Collaboration in the community

Another bank relying primarily on local community expertise is $1.6 billion-asset One Community Bank in Oregon, Wis. “We don’t have a specific training or education program targeted toward the small businesses in our communities,” says Steven Erickson, its chief sales officer. “Instead, we partner with the organizations that already have a robust market share in this space, and, as part of our onboarding process, we start preparing our client-facing colleagues with the tools necessary to make a meaningful impact in these discussions.”

One Community Bank has excellent relationships with the nonbank small business advisory programs in its south-central Wisconsin market. “SBA’s SCORE program, for example, whose advisors are well known to us, have worked with several of our clients in the beginning stages of the entrepreneurial endeavors,” says Erickson. “Likewise, the University of Wisconsin–Madison’s Family Business Center has worked with some of our more established businesses on the growth and succession planning aspects of their companies.”

The community bank is also a member of the Wisconsin Economic Development Corporation’s Business Development Loan Program, which gives it the opportunity to assist local businesses with their capital needs while also providing guidance and pro forma review prior to funding.

This philosophy of growing in tandem with its business clients has been part of One Community Bank for decades.

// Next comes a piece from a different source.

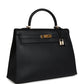 Vintage Kelly Sellier 35 Black Ardennes Gold Hardware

For example, Mark Mortenson, owner of All-Color Powder Coating, got his first business loan from the bank almost 30 years ago. “Since then,” says Erickson, “we’ve grown our bank alongside [All-Color Powder Coating], providing the means necessary for the expansion of [Mortenson’s] business, as well as the kind of partnership every business owner desires during the recession and now the pandemic. His company is now one of [the town of] Oregon’s largest employers.”

William Atkinson is a writer in Illinois.